Impact of Company’s Fundamentals on its Share Price
Impact of Company’s Fundamentals on its Share Price
Introduction
The present geopolitical tensions, which coincide with the long-running 2007 global financial crisis, have had painful consequences for the worldwide community's economic and financial circumstances, particularly on stock, oil, and share prices in the first quarter of 2008. Emerging markets, it seems, were not immune to similar shocks. The problem of stock market integration arises here because a fully integrated stock market presupposes comparable pricing as well as parity in risk premiums. According to Verrecchia (2001), financial reporting systems offer important information to the capital market, and when investors trade stocks on the basis of the aforementioned information, stock prices converge to their intrinsic values. Furthermore, such information is deemed valuable if it has an impact on stock price fluctuations.

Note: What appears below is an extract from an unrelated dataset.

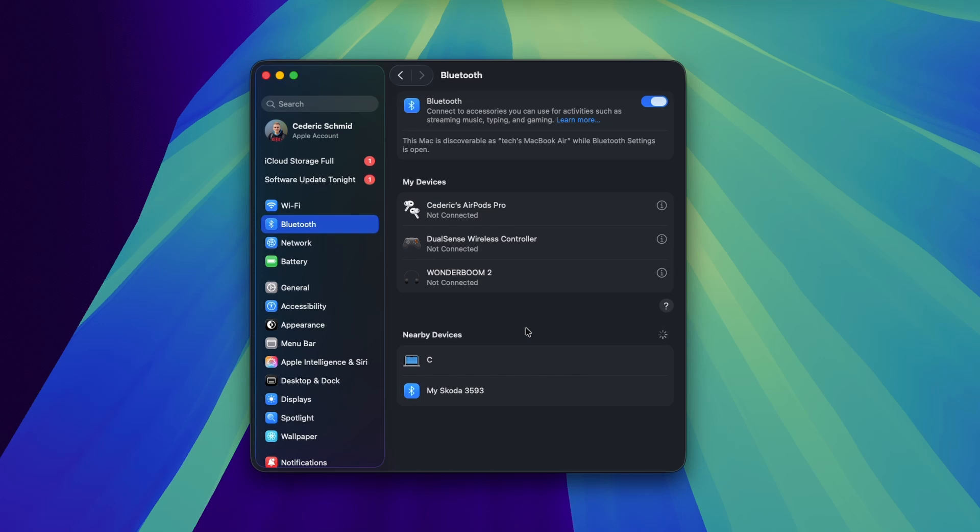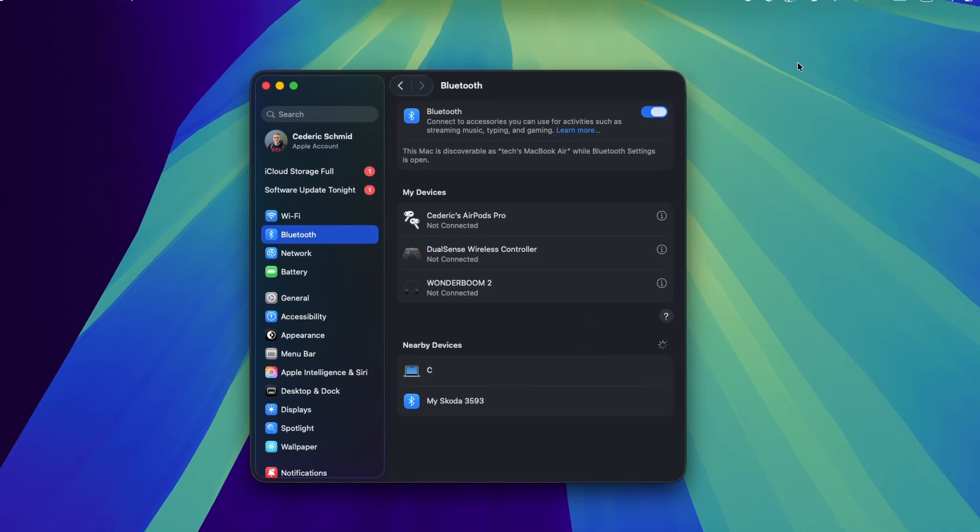After entering pairing mode, the Bluetooth device should show up in the nearby devices section again, ready to be paired. You can also verify your Bluetooth connections in the control center for quicker access.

However, the present state of uncertainty requires investors to understand certain unquestionable analytical tools that will assist them in making reasonable, logical, and prudent investing choices, in addition to understanding their connection with the market price of shares (MPS). Nonetheless, a few pertinent theories widely accepted by the investment community serve as potential explanations for MPS variations. The Gordon (1962) growth model, in which investors base stock values on the discounted present value of future anticipated dividend payments, is unquestionably the most basic method used.
Conclusion
This fundamental transformation in the form of capital market deregulation and other regulatory changes is all indicative of a rise in both an equity culture and greater financial intermediation via unconventional channels in the MENA region. As a consequence, conventional banks' roles are diminished, and focus is placed on improving capital markets' capacity to channel money for general economic growth. This encourages authorities to promote secondary trading while also harnessing and expanding a robust investor base by guaranteeing an efficient and transparent capital market.